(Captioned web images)
>>

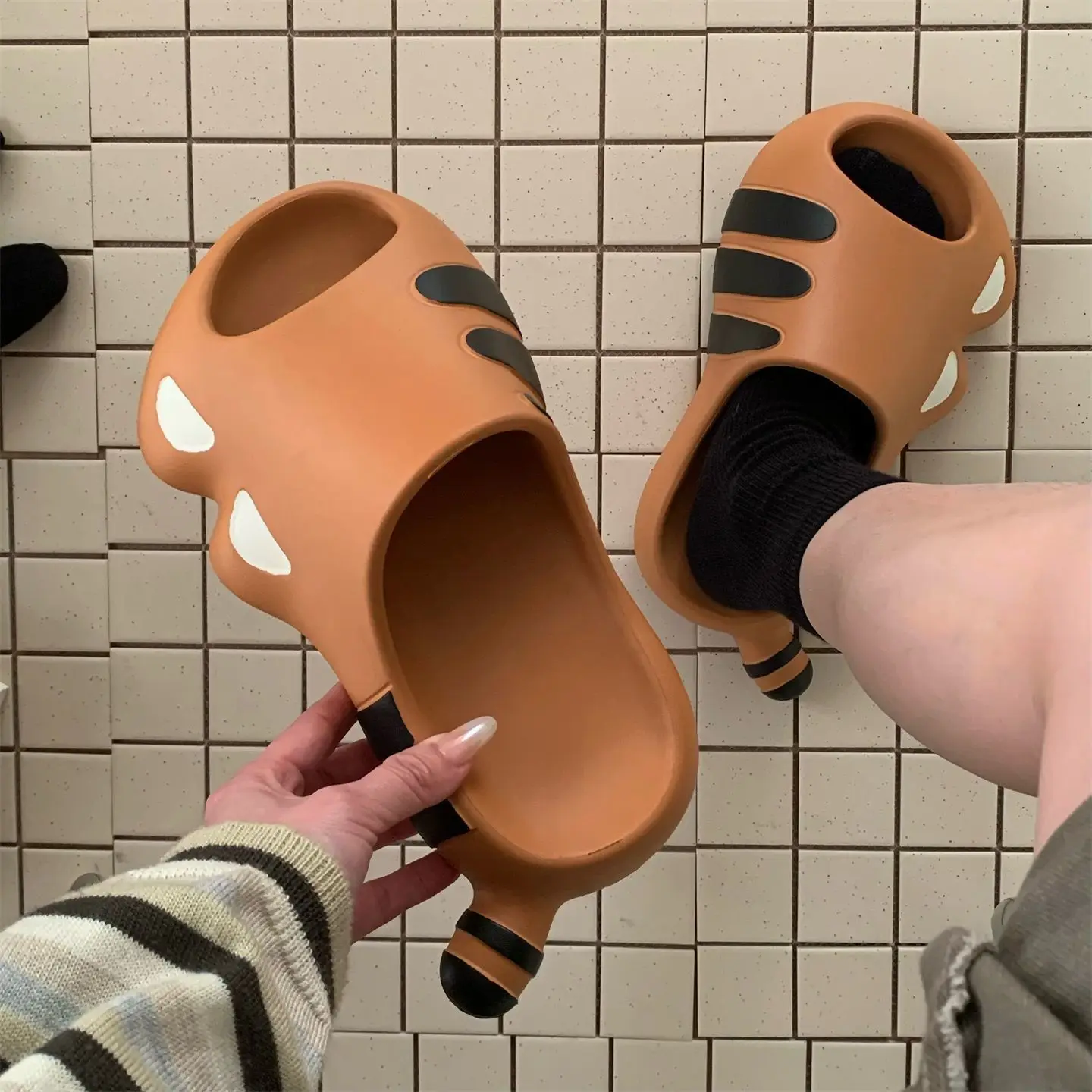 

Новые дизайнерские шлепанцы 2026 года с тигровым принтом и хвостом, женские уличные водонепроницаемые пляжные туфли, садовые сабо из ЭВА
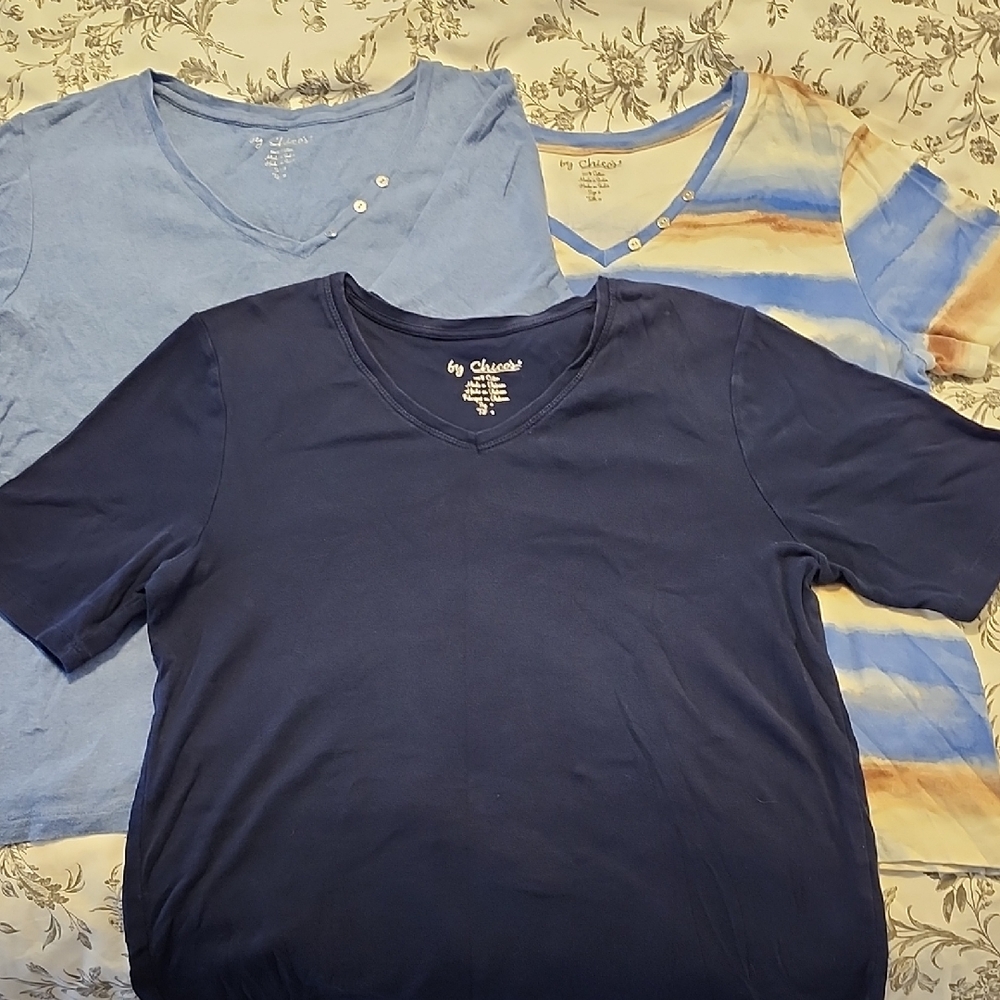 Chico's Cotton Shirts Blue, Multi Blue, & Navy Size 2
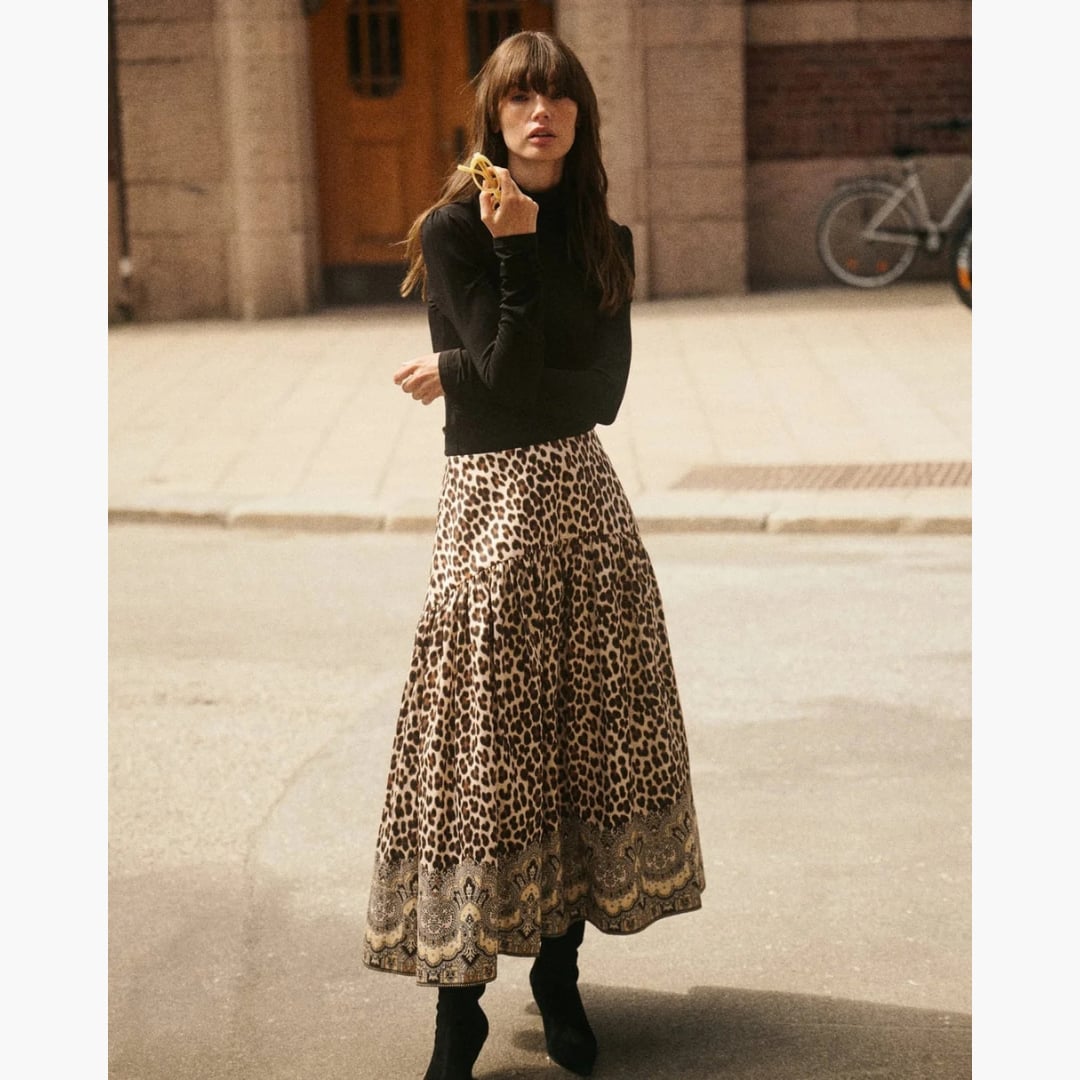 Taffeta Midi Skirt wild paisley By TiMo  — kuva 3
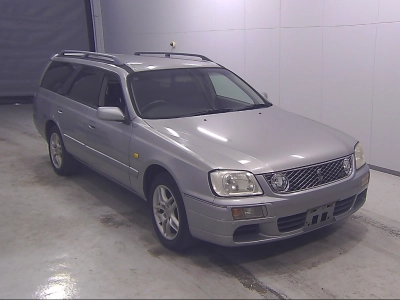 NISSAN STAGEA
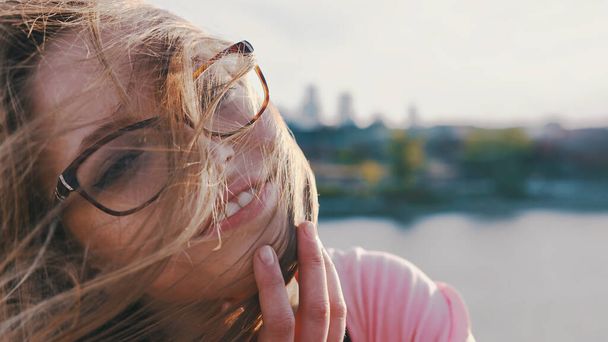 Portrait de jeune fille brune avec des lunettes et des cheveux désordonnés. Espace de copie - Photo, image
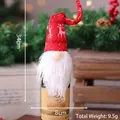 Funda festiva para botella de vino de gnomo rojo con gorro de reno y barba de pelo blanco - Estilo Gnome con Gorro de Renno / Rojo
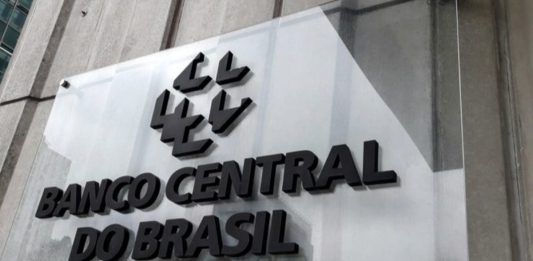 Quem tem dívida pode levar susto no banco com nova regra de bloqueio imediato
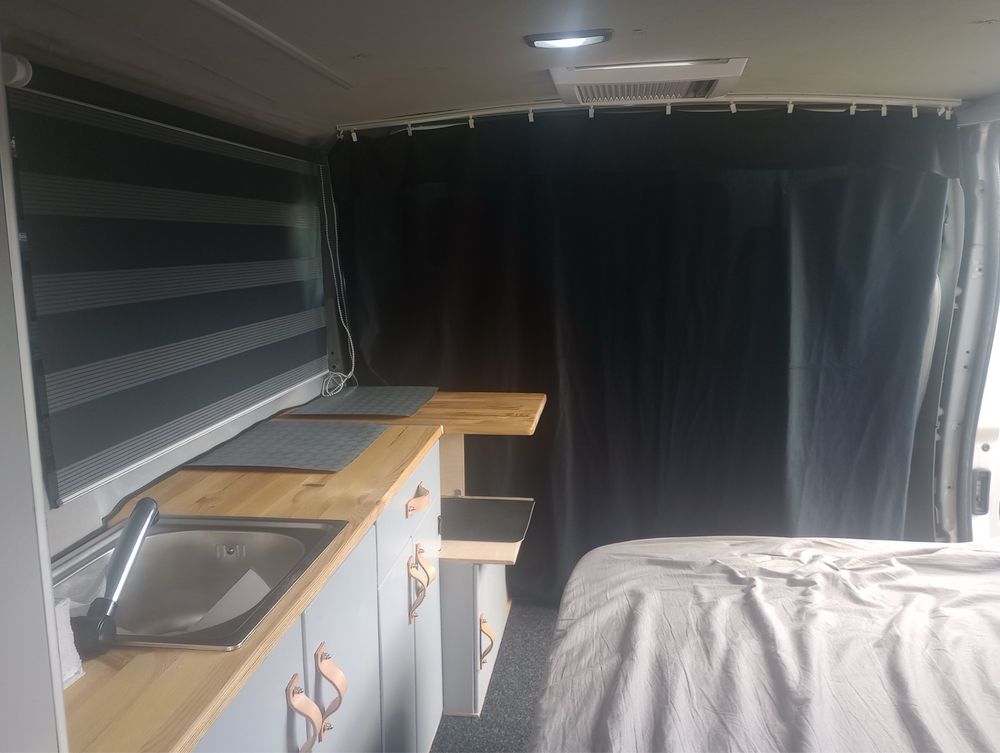 Opel Vivaro 1,9 kampervan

<<

### Brief
Taking each record in turn, retype it exactly and drop any picture.

### Answer below
Новые дизайнерские шлепанцы 2026 года с тигровым принтом и хвостом, женские уличные водонепроницаемые пляжные туфли, садовые сабо из ЭВА
 Chico's Cotton Shirts Blue, Multi Blue, & Navy Size 2
 Taffeta Midi Skirt wild paisley By TiMo  — kuva 3
 NISSAN STAGEA
 Portrait de jeune fille brune avec des lunettes et des cheveux désordonnés. Espace de copie - Photo, image
 Funda festiva para botella de vino de gnomo rojo con gorro de reno y barba de pelo blanco - Estilo Gnome con Gorro de Renno / Rojo
 Quem tem dívida pode levar susto no banco com nova regra de bloqueio imediato
 Opel Vivaro 1,9 kampervan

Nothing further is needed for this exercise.